Saturday, June 04, 2005

Grenz, Hauerwas and Newbigin

The idea about the sociological nature of value formation that Prof Grenz espoused there is actually not that new.

Stanley Hauerwas, in his essay "A Story Formed Community: Reflections on Watership Down" already wrote about the relation between character and the community socialization. The essay is found in his book A Community of character: toward a constructive Christian social ethic.
Community of Character

What is interesting is how he introduces the book:
My wish is that this book might help Christians rediscover that the most important social task is nothing less than to be a community capable of hearing the story of God we find in the scripture and living in a manner that is faithful to that story (1)

In the same way, Leslie Newbigin also wrote about this:

The business of the church is to tell and to embody a story, the story of God’s promises concerning what will be in the end. The church affirms the truth of this story by celebrating it, interpreting it, and enacting it in the life of the contemporary world. (Newbigin 1993, 76)


I had a very interesting discussion with Edmund Chan in a Chinese restaurant in the northern suberbs of Chicago sometime in Aug or Sept 2003. We were discussing Alan Cole's article 'At the Heart of A Christian Spirituality', Reformed Theological Review, 52 (2, 1993)where Dr Cole wrote about orthodoxy, orthopraxis and orthokardia as indicators of a biblical informed spirituality.

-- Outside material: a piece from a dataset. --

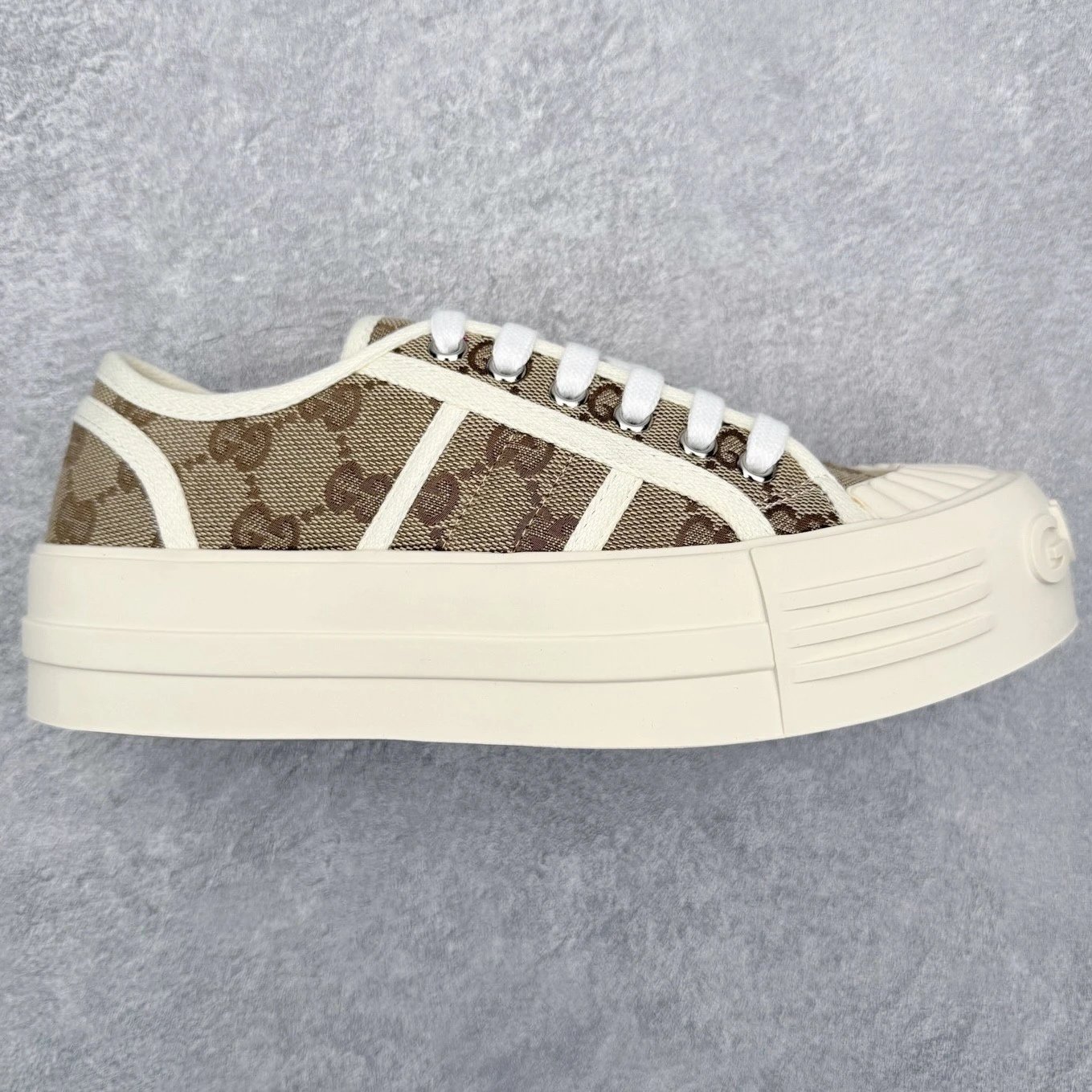 Gucci Sneakers Low-Top Platform GG Monogram Canvas — Brown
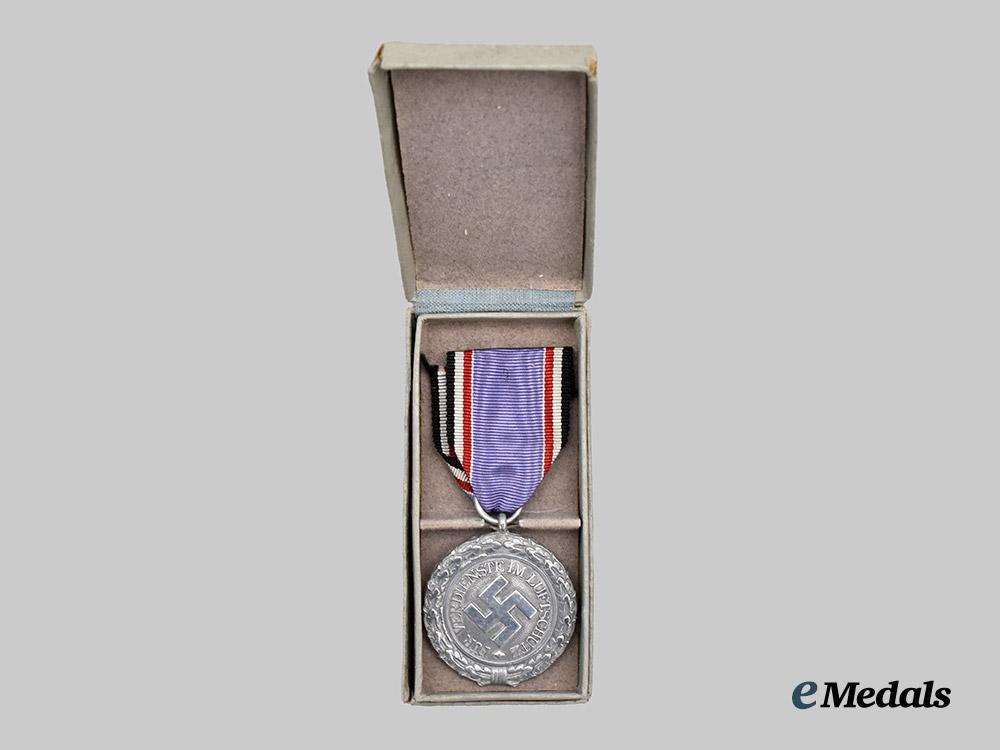 germany,_third_reich._an_air_defence_honour_decoration,_i_i_class_medal,_with_case___m_n_c7166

Edmund mentioned the additional need to include as a criteria, orthokoinonia.

I wrote to Dr Cole about the matter and this was his response at the end:

PS: I have been teaching for some time the need for a spirituality quadrilateral that includes orthokoinonia.

Great to know these great Christian leaders are emphasizing the same thing and setting some parameters on what might be a biblical informed ecclesiology.

Be that as it may, it seems to me that the role of a biblically informed community, ie a community that not just espouses the Biblical metanarratives but lives out the values of this narrative is critical to sustaining Christian faith.